Pani Natalia jako pierwsza w 168. odcinku zaczęła swoje zmagania o milion. Pracuje jako technolog chemiczny, ale jej hobby jest tyleż imponujące, co odbiegające od jej zawodu.
Uczestniczka programu chce pokazać współczesnym ludziom, jak kiedyś żyli ich przodkowie, więc w ramach swojego czasu wolnego zajmuje się rekonstrukcją zabytków.
Nic dziwnego, że Huberta Urbańskiego bardzo zainteresowało, na co chce przeznaczyć swoją ewentualną wygraną. Tutaj pani Natalia wykazała się dużym altruizmem, ponieważ postanowiła w pierwszej kolejności sprawić przyjemność swoim rodzicom. Na pytanie co zrobi z milionem powiedziała:
Myślę, że te pieniądze jakoś wydam... Rodzice marzyli o karmniku dla bażantów.

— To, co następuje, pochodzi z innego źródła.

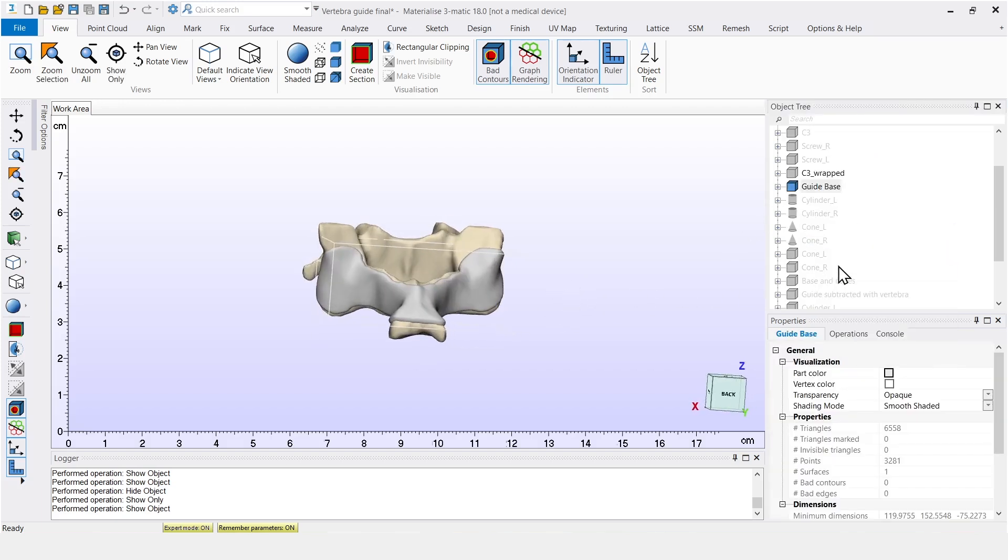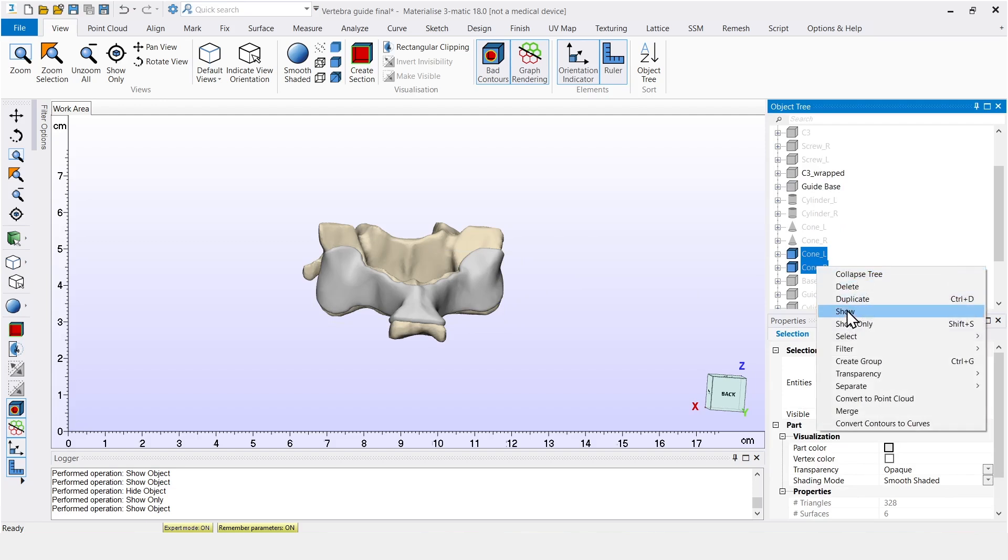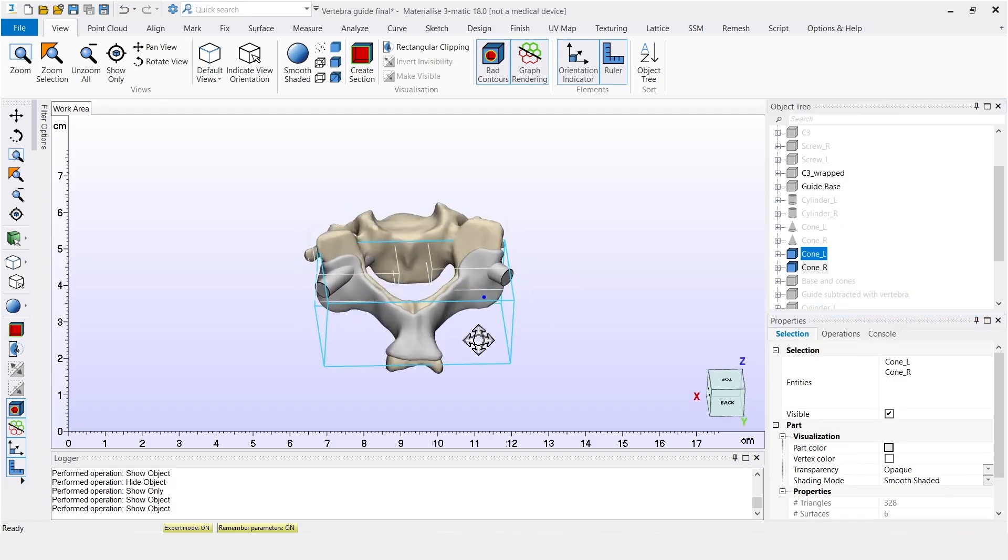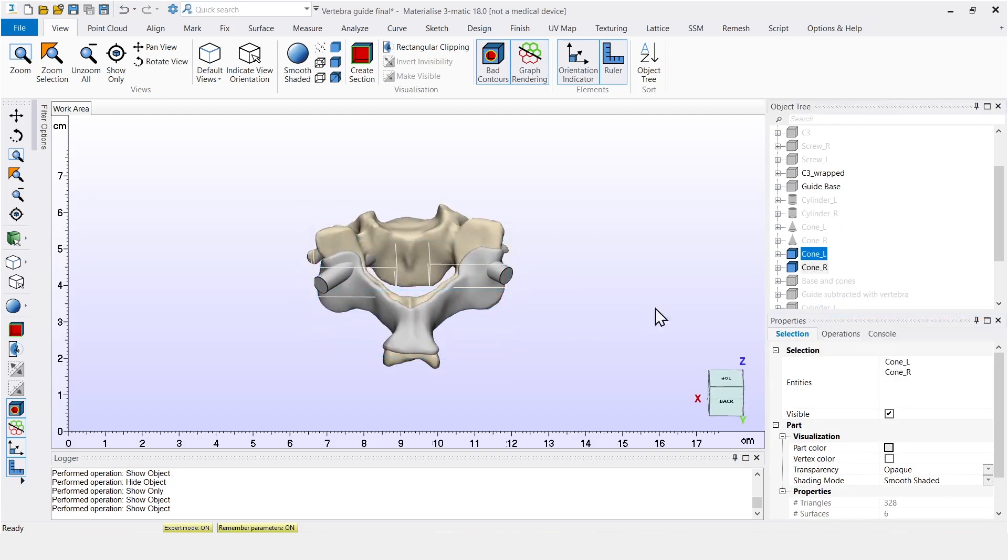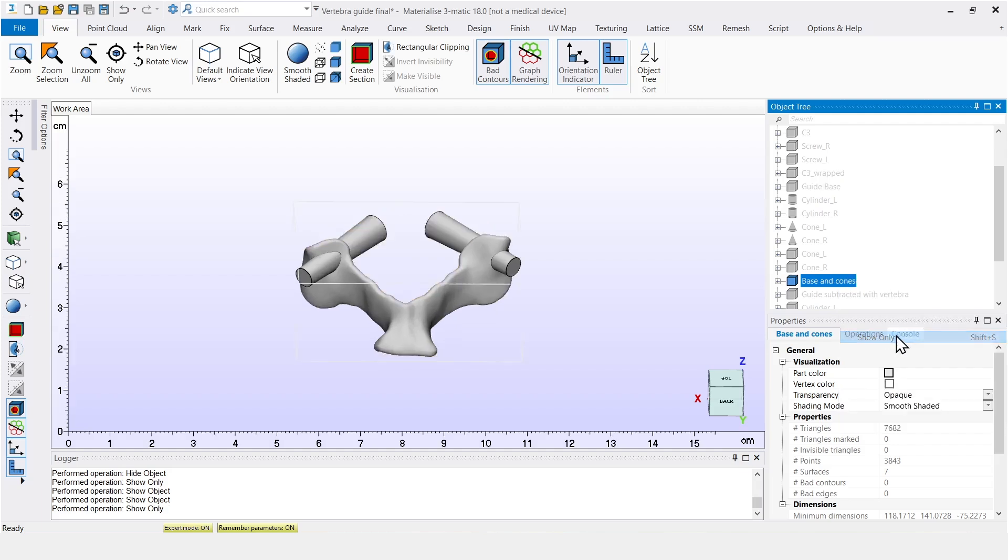Next, we design two cones around the position of the screws here. And these cones are then added to the existing base with a simple boolean operation.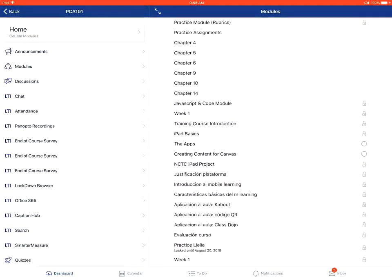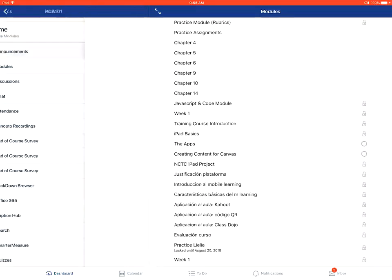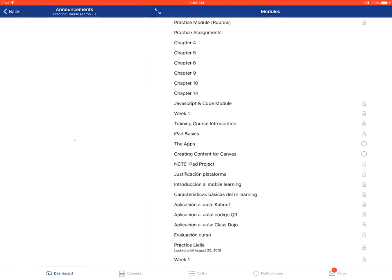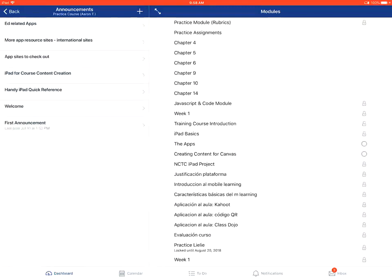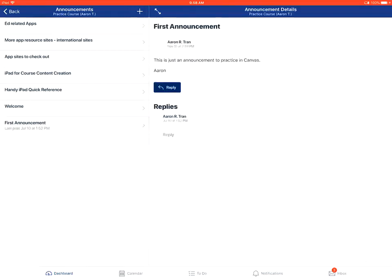From there, you'll tap on the Announcements link on the left-hand side. This will show all the announcements in the course, usually starting with the most recent ones on the top, and then you'll tap on the particular announcement you want to view.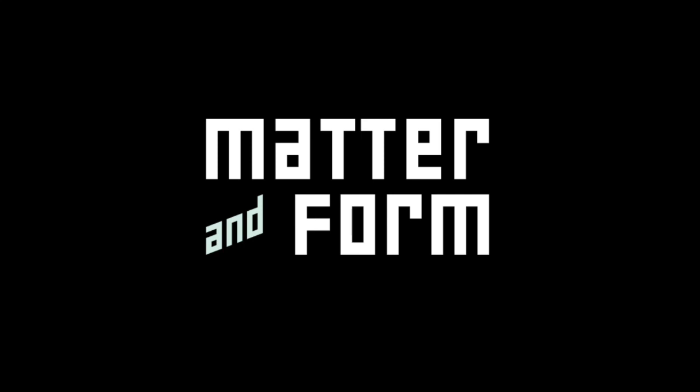Hi, my name is Trevor Townsend and I'm CEO and co-founder of Matter and Form. In this video, I'm going to take you from setting up your scanner to getting good scans to exporting your finished model. Let's get started.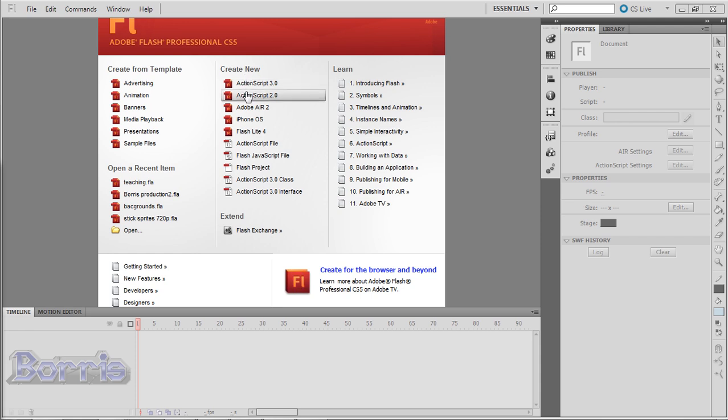ActionScript 3 and ActionScript 2 make the .fla file based on the version of ActionScript you want to use. If you are not going to add any interactivity to your file, then it doesn't matter which one of these you should choose. But I always choose ActionScript 3 anyway.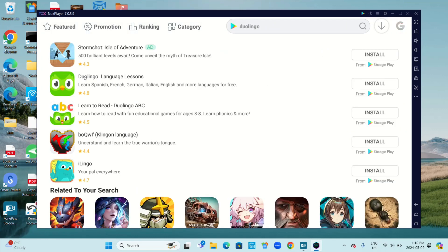Now look for Duolingo Language Lessons. It says learn Spanish, French, German, Italian, English, and more languages for free, and you're going to click on Install.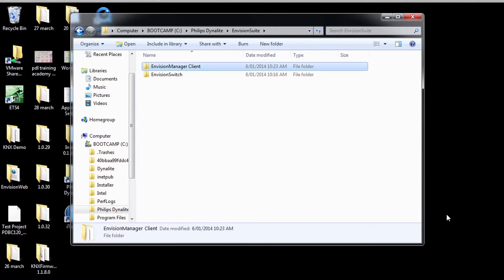The server installed creates a file directory on the C drive of the server machine under a directory titled Philips Dynalite. This contains the install files for the client. Access to this file is required with one of the options being a file share setup from the server.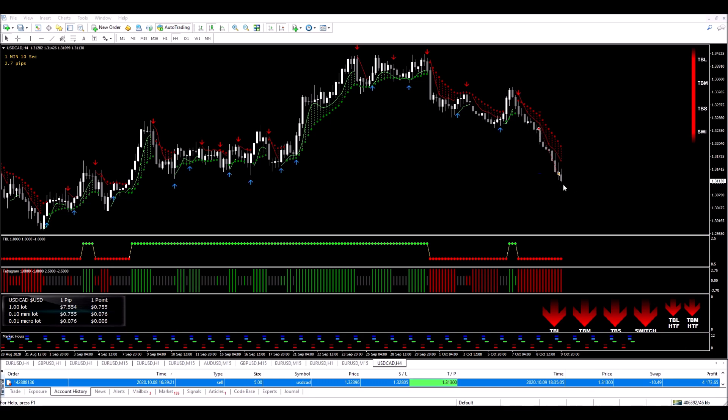And within 1, 2, 3, 4, 5, 6 candles on the four hour chart, we had made our profit. Thanks for watching.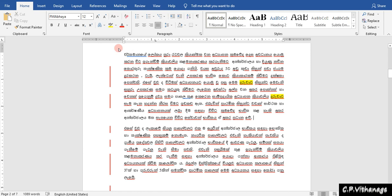My first time, I will show you the Word document. This is the Word document. We will type the Word document. We will type the document.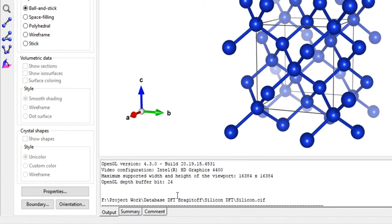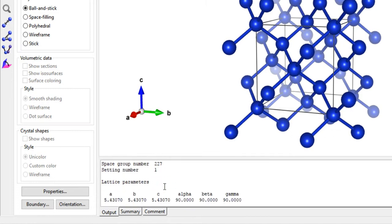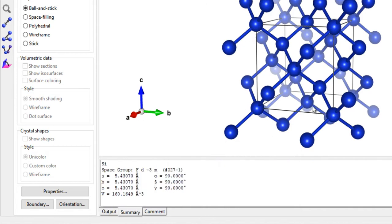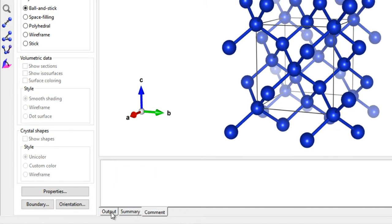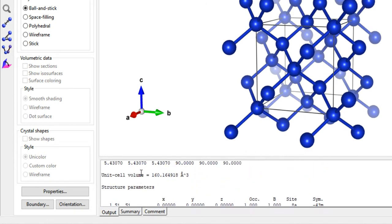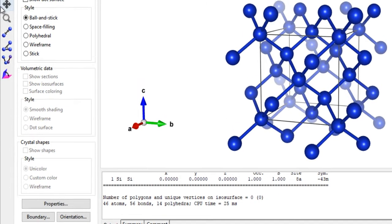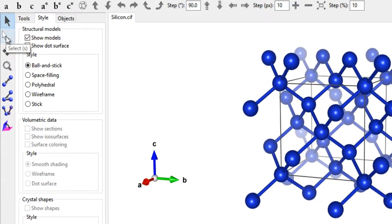The output screen at the bottom shows the programming output that VESTA is performing. For more useful information, click on the Summary tab to get all crystal information: lattice parameters, lattice angles, space group, and volume. You also have a Comment tab and an Output tab — whenever you perform an operation, this tab records the output and shows CPU time.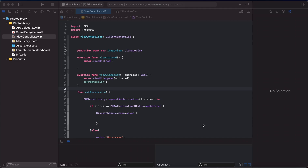Hello everyone, welcome to the Code Snippet channel. Today I have a very special code byte for you, and this is related to the multi-selection of photos and videos from the photo library. Since iOS 14, Apple has introduced a new framework called PhotosUI, and now we have the option to select multiple photos and videos from the photo library. Before iOS 14, there was no option to select multiple photos or videos, so people had to use third-party libraries like ELSImagePickerController or something like that. So let's dive in.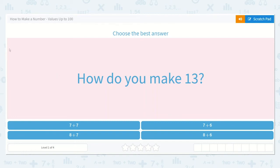Let's take a look at the lesson: how to make number values up to 100. It says, choose the best answer. How do you make 13?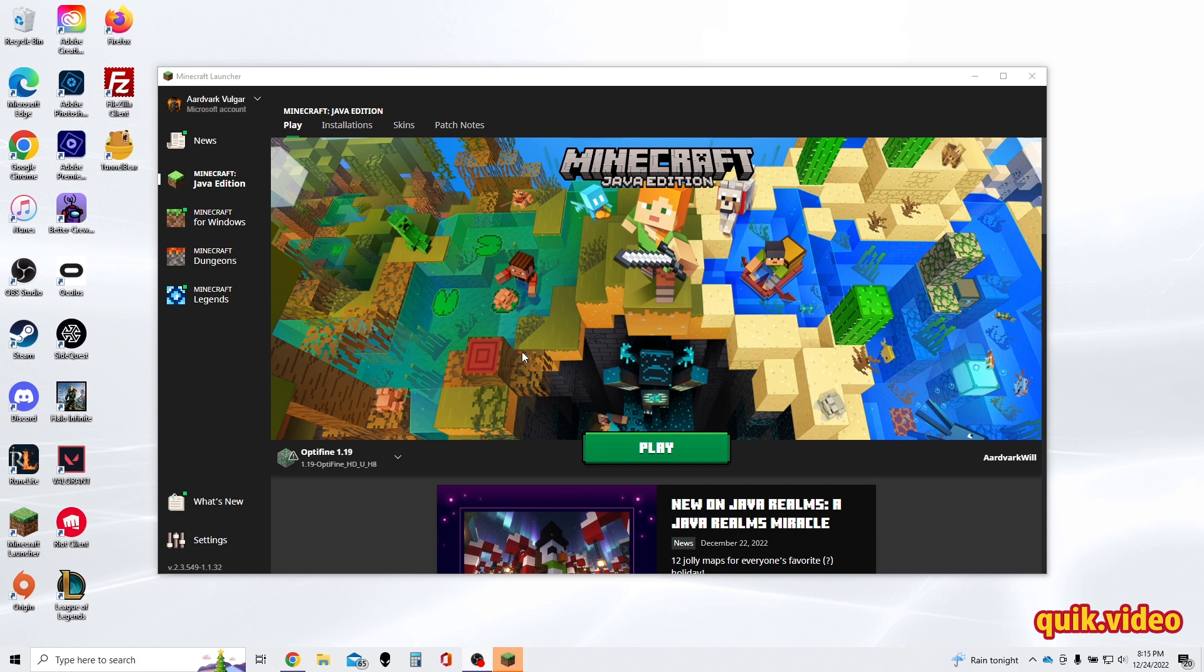And that was a quick video on how to fix the Minecraft launcher error, and I hope you found this video useful. If you did, please make sure to like, subscribe,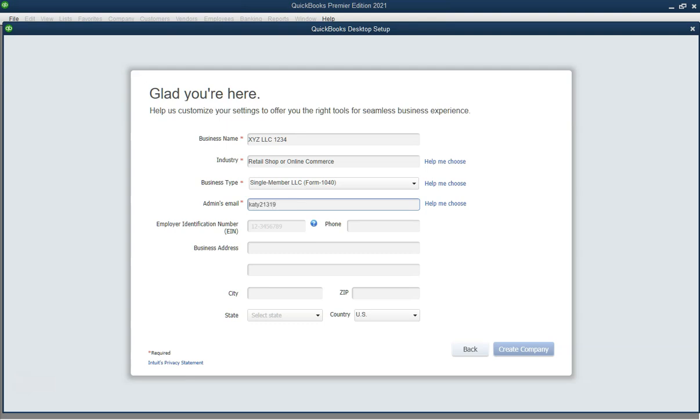Step 7. Add your business services. Select any relevant business services like payroll and payments. Click next.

Prawda, że to bardzo ujmujące z jej strony? Choć to bardzo szlachetne, Huberta Urbańskiego nieco zaskoczył taki pomysł na zagospodarowanie miliona złotych. Szczerze rozbawiony dopytywał, jak miałby wyglądać taki karmnik.
Niestety nie będzie jej dane zbudować luksusowego karmnika dla tych ptaków, bo odpadła z programu.
Pierwsze pytanie nie zaskoczyło uczestniczki. Bez wahania odpowiedziała, że od 1 stycznia tego roku na mocy nowej ustawy musimy płacić w sklepach za foliówki.
Ustawa ze stycznia | fot. TVN | kadr
Nie miała też wątpliwości, że na warszawskim rondzie gen. Charlesa de Gaulle'a stoi majestatyczna palma.
Niestety musiała poprosić o pomoc publiczność przy pytaniu o to, ile par oczu ma ośmiornica. Na szczęście wtedy wybrała dobrze.
Drugie koło było jej potrzebne przy pytaniu za 20 tys. złotych. Pomimo tego, że użyła opcji pół na pół, źle wskazała miejsce, gdzie Polska trzyma większość swojej rezerwy złota. Okazuje się, że nie w Warszawie. Nasze złoto jest w Londynie!